**Image-text web data:**
⟨

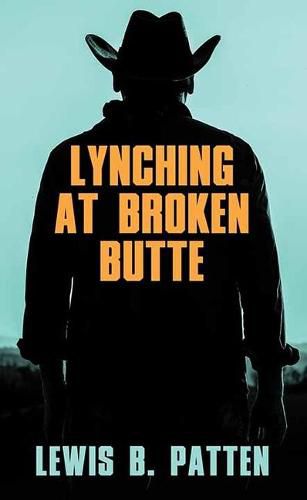 Cover image for Lynching At Broken Butte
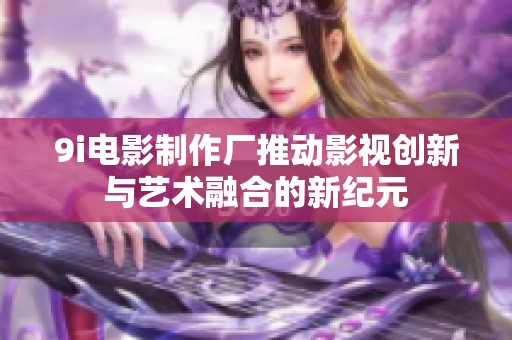 9i电影制作厂推动影视创新与艺术融合的新纪元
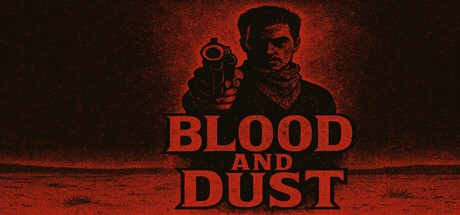 Games like Blood and Dust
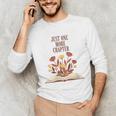 Just One More Chapter Book Lovers Floral Unisex Long Sleeve T-Shirt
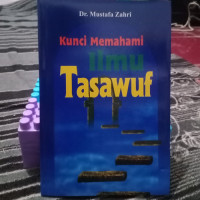 Kunci Memahami Ilmu Tasawuf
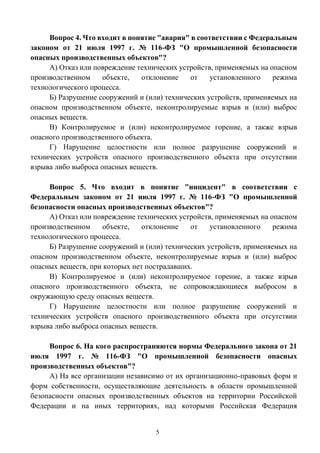 5
Вопрос 4. Что входит в понятие "авария" в соответствии с Федеральным
законом от 21 июля 1997 г. № 116-ФЗ "О промышленной безопасности
опасных производственных объектов"?
А) Отказ или повреждение технических устройств, применяемых на опасном
производственном объекте, отклонение от установленного режима
технологического процесса.
Б) Разрушение сооружений и (или) технических устройств, применяемых на
опасном производственном объекте, неконтролируемые взрыв и (или) выброс
опасных веществ.
В) Контролируемое и (или) неконтролируемое горение, а также взрыв
опасного производственного объекта.
Г) Нарушение целостности или полное разрушение сооружений и
технических устройств опасного производственного объекта при отсутствии
взрыва либо выброса опасных веществ.
Вопрос 5. Что входит в понятие "инцидент" в соответствии с
Федеральным законом от 21 июля 1997 г. № 116-ФЗ "О промышленной
безопасности опасных производственных объектов"?
А) Отказ или повреждение технических устройств, применяемых на опасном
производственном объекте, отклонение от установленного режима
технологического процесса.
Б) Разрушение сооружений и (или) технических устройств, применяемых на
опасном производственном объекте, неконтролируемые взрыв и (или) выброс
опасных веществ, при которых нет пострадавших.
В) Контролируемое и (или) неконтролируемое горение, а также взрыв
опасного производственного объекта, не сопровождающиеся выбросом в
окружающую среду опасных веществ.
Г) Нарушение целостности или полное разрушение сооружений и
технических устройств опасного производственного объекта при отсутствии
взрыва либо выброса опасных веществ.
Вопрос 6. На кого распространяются нормы Федерального закона от 21
июля 1997 г. № 116-ФЗ "О промышленной безопасности опасных
производственных объектов"?
А) На все организации независимо от их организационно-правовых форм и
форм собственности, осуществляющие деятельность в области промышленной
безопасности опасных производственных объектов на территории Российской
Федерации и на иных территориях, над которыми Российская Федерация
 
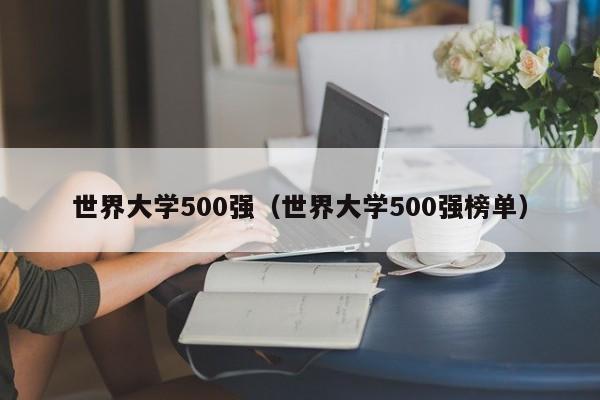 世界大学500强（世界大学500强榜单）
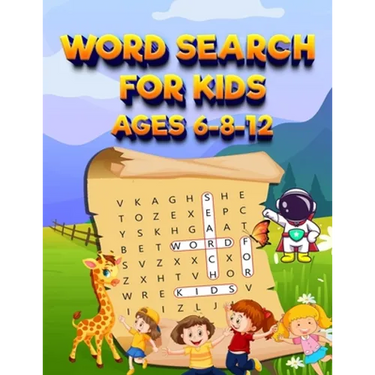 Word Search For Kids Ages 6-8-12 100 Fun Puzzles Search & Find: Funny And Educational Word Search Puzzles With Pictures For Clever Kids To Improve Wor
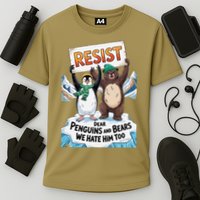 DEAR PENGUINS BEARS WE HATE HIM TOO NO TARIFFS RESIST Performance Shirt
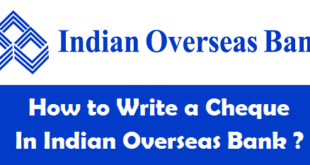 How to Write a Cheque in Indian Overseas Bank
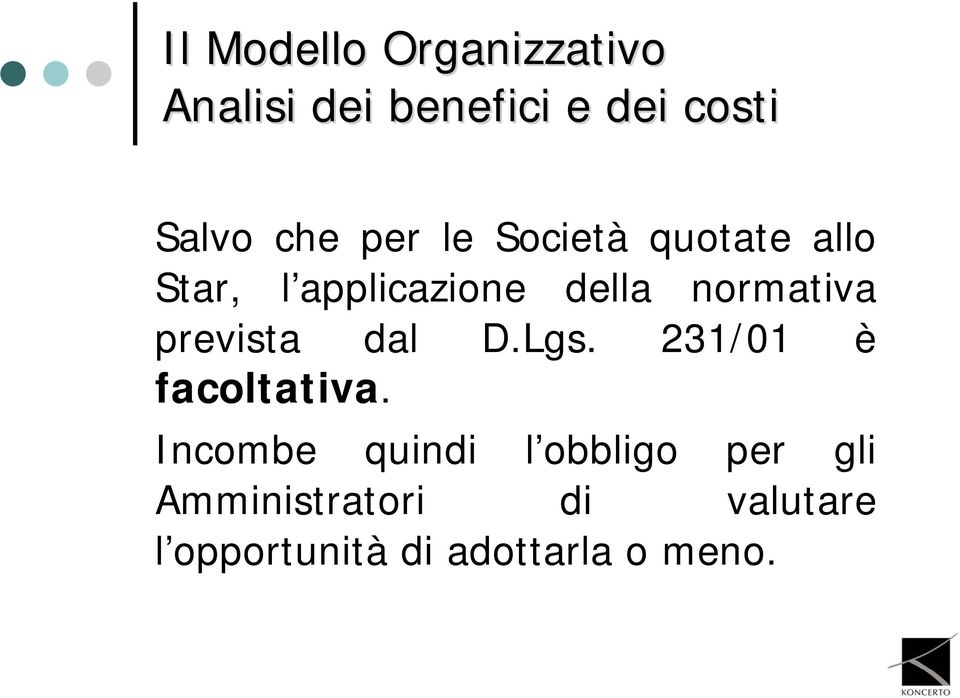 prevista dal D.Lgs. 231/01 è facoltativa.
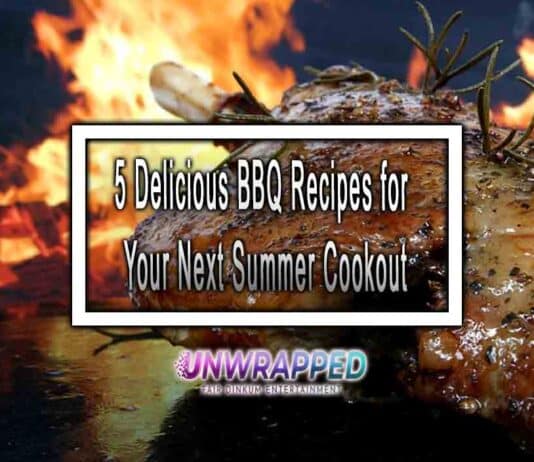 5 Delicious BBQ Recipes for Your Next Summer Cookout 5 Delicious BBQ Recipes for Your Next Summer Cookout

⟩

**EXERCISE AIM:** Scan the data above for the string "опасного" and copy each line where it appears.

**OUTPUT BELOW:**
опасного производственного объекта.
технических устройств опасного производственного объекта при отсутствии
опасного производственного объекта, не сопровождающиеся выбросом в
технических устройств опасного производственного объекта при отсутствии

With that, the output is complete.